In this bath, we dive into what goes into Jacqueline’s artistic practice and how to bring projects from start to finish. Jacqueline is wise and self-aware. She describes herself as a naturally born performer, identifying with performance from a young age. Being a performer, however, doesn’t mean always being in performance. In living in Detroit, the reality of people having basic needs is raw. In being in a landscape where everyone has to get their own things done, Jacqueline describes a natural balance of knowing when to be inward and when to be outward (when is performance-time and when is it not).

Jacqueline believes that the intrinsic knowledge all exists within the seasons. Her latest book A Year In Practice delves into what practices resonate with the cycles of the earth, in order to create art and birth it into the world. Los Angeles taught her about the seasons, because of their subtlety. She urges us to witness how we are doing art with the earth, not ever alone. Therefore, in places like Los Angeles and even just living in a capitalist society, we have to fight for Winter. We have to fight to turn down, and fight to embrace the inward nature of winter. And there are practices for that. 
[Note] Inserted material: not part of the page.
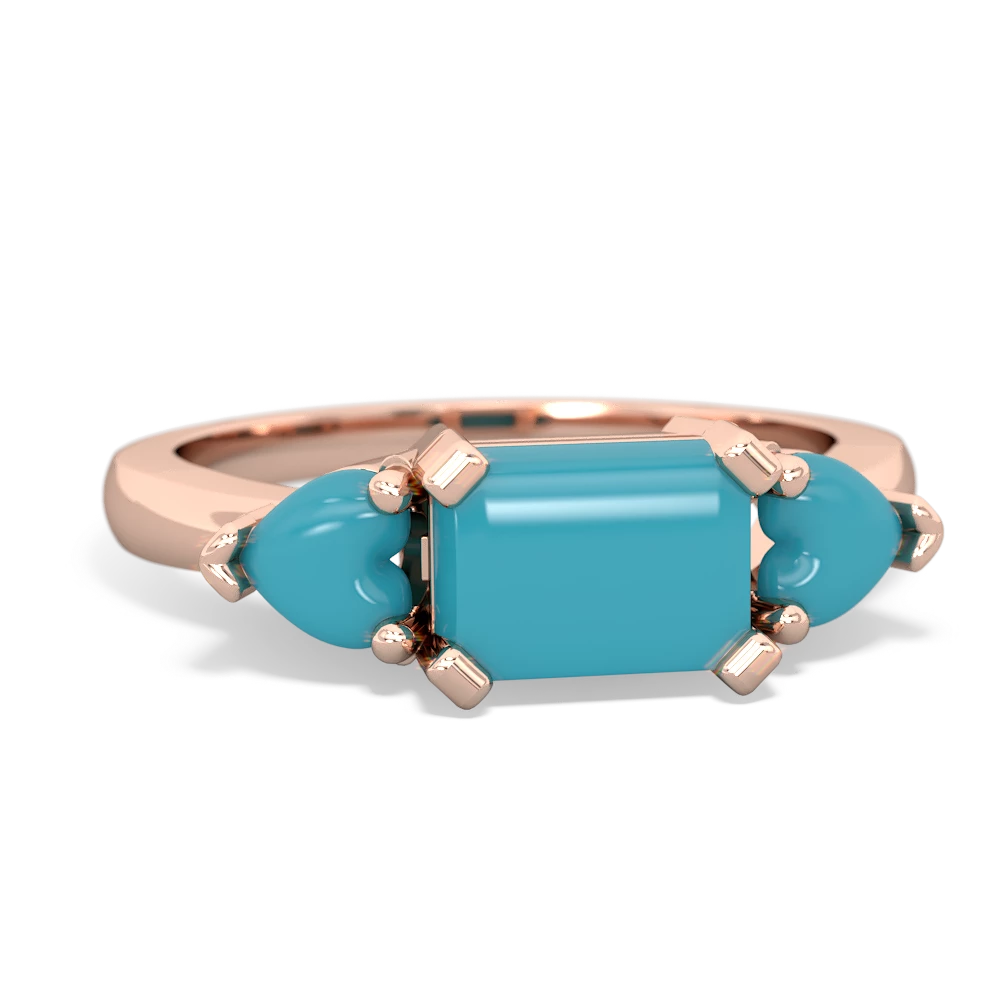 Opal Three Stone 14K Rose Gold ring R5235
“You don’t have to reinvent the wheel” is a sign that sits at her desk. Jacqueline suggests that there are carefully documented and practiced activities that so many incredible artists have done before us, and we can lean into their way of doing things. We are not losing our authenticity by using someone else’s methodology. "We don’t have to make this all up from scratch," Jacqueline says. And her most recent book distills these practices into something accessible. We hope you enjoy this conversation and her book!